Aspartate semialdehyde (ASA) is a common precursor for lysine, threonine and methionine synthesis in plants. Dihydrodipicolinate synthase (DHDPS, commitment to lysine synthesis) and homoserine dehydrogenase (HSDH, leads to threonine and methionine) are sharing ASA as a common substrate. Thus ASA is expected to be the key point in controlling the partitioning of the carbon skeleton into these two branches of the pathway. Genetic and molecular studies we have performed on Arabidopsis thaliana revealed that two dhdps genes, 2 akthr genes encoding bifunctional AK-HSDH enzymes and a mhsdh gene could be involved in the control of this partitioning. In addition, 3 aklys genes encoding monofunctional aspartate kinase (AK) have to be considered too as AK activity is determining the rate of ASA synthesis. Arabidopsis thaliana knockout mutants in dhdps1, dhdps2, aklys2, aklys3, akthr1 and mhsdh were isolated in order to determine the respective role of these enzymes in amino acid synthesis. The only significant modification in the content of amino acids we recorded in the analyses of all the lines concerned an increase of threonine content in the dhdps2 knockout line (up to five fold the wild type level in reproductive organs) while the level of lysine was only weakly affected. In the dhdps1 knockout mutant, lysine was decreased but threonine did not accumulate. The global AK specific activity of aklys2, aklys3 and akthr1 knockouts was comparable to the activity of the wild type plants. The reduction of the HSDH activity in the akthr1 knockout did not impair the synthesis of threonine and methionine.
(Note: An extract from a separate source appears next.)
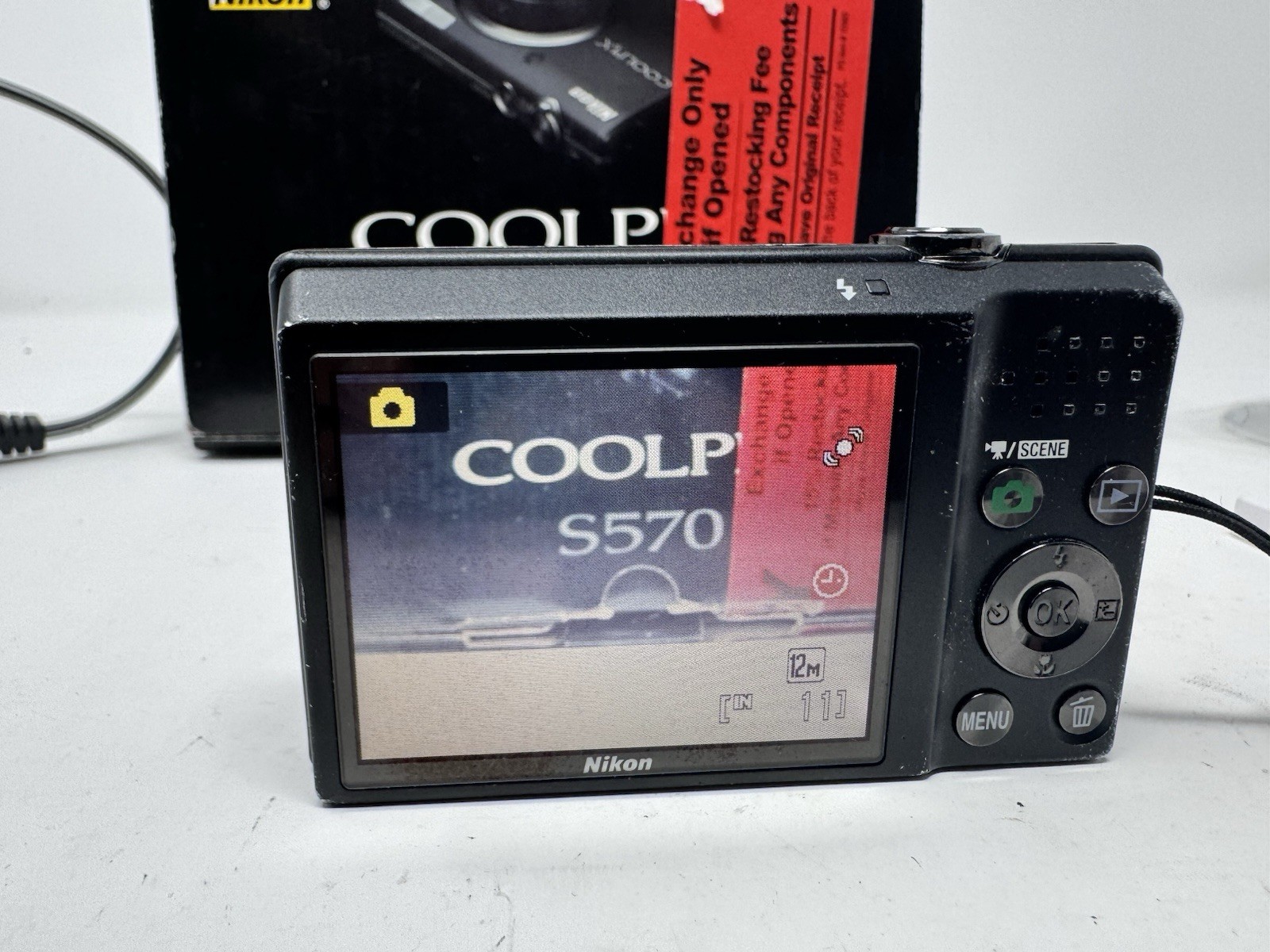 Nikon Digital Camera Coolpix S570 12.0MP Black Battery & Charger Works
We showed that the use of a DHDPS inhibitor allowed us to obtain wild type plants in which no DHDPS activity was left. This also led to a drastic accumulation of free threonine. In this study, we demonstrated that a molecular or chemically obtained limitation of the DHDPS activity leads to threonine overproduction and that any manipulation of the HSDH activity we tried did not affect significantly the synthesis of aspartate derived amino acids.

Over-expression of enzymes involved in sulfur assimilation, as for example APS reductase or methionine S-methyltransferase, is one strategy to increase the content of reduced sulfur containing compounds (e.g. glutathione or methionine) in edible plant tissues. Data obtained during the project show that overexpression of APS reductase in major European crops like maize or potato plants, does not lead to increased glutathione levels. These results are in contrast to results obtained from the model plant Arabidopsis. Preliminary results from plants over-expressing methionine S-methyltransferase show in a few transgenic lines an increase in the content of S-methylmethionine, a major transport form of reduced sulfur in a number of plant species. Preliminary results as well as transgenic lines generated during the project are exchanged between partners. The transgenic plants mentioned above are being combined with additional traits, e.g. plants with increased sink strength for sulfur containing amino acids. In the current state of progress, the future industrial applicability and the commercial value of these transgenic lines cannot yet be estimated. Results obtained contribute to a better understanding of the field and will be made publicly available by publications in scientific journals so that the scientific community targeting plant sulfur metabolism will benefit from this project.